Reinforcement Learning for LLMs

Can vanilla PPO match specialized reasoning algorithms with just two techniques?

Does a minimalist combination of advantage normalization and token-level loss aggregation enable critic-free PPO to compete with more complex algorithms like GRPO and DAPO in language model reasoning tasks?

Note · 2026-02-22 · sourced from Reinforcement Learning
How should we allocate compute budget at inference time?

The RL-for-LLM-reasoning field has produced a zoo of algorithms (GRPO, DAPO, GPPO, GFPO) each adding techniques atop PPO: clip-higher, dynamic sampling, overlong filtering, difficulty masking, KL loss, SFT loss. But which techniques actually matter? Systematic isolated evaluation within a unified framework reveals that most RL techniques exhibit obvious preferences and sensitivities to experimental setup — model type, data distribution, reward mechanism, and hyperparameters.

The key finding: employing only two techniques — advantage normalization (group-level mean, batch-level standard deviation) and token-level loss aggregation — unlocks the learning capability of critic-free policies using vanilla PPO loss.

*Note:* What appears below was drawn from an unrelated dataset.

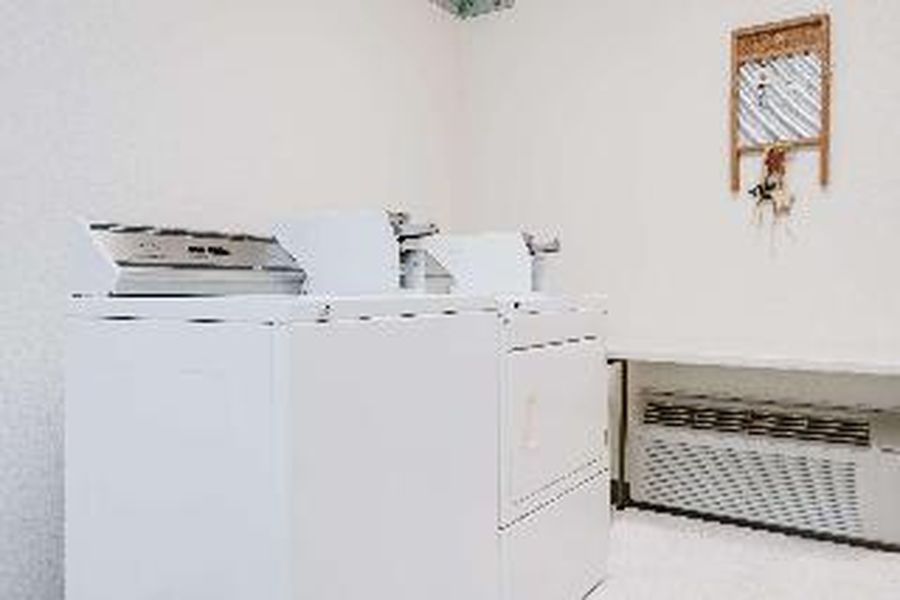 foto-2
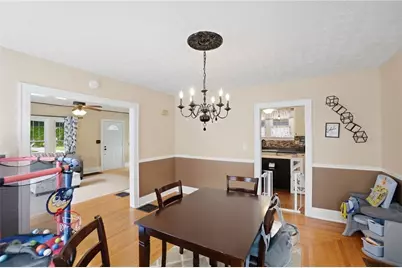 146 N Kensington Place, Springfield, OH 45504 - Photo 9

This minimalist combination consistently improves performance, surpassing strategies like GRPO and DAPO that incorporate many additional components.

Specific technique findings: (1) group-level normalization shows robust efficiency across reward settings; (2) batch-level normalization provides more stable improvement at larger reward scales; (3) combining group-level mean with batch-level std enables robust normalization; (4) token-level aggregation is effective on base models but shows limited improvement on already-aligned models; (5) overlong filtering helps short-to-medium reasoning but not long-tail reasoning.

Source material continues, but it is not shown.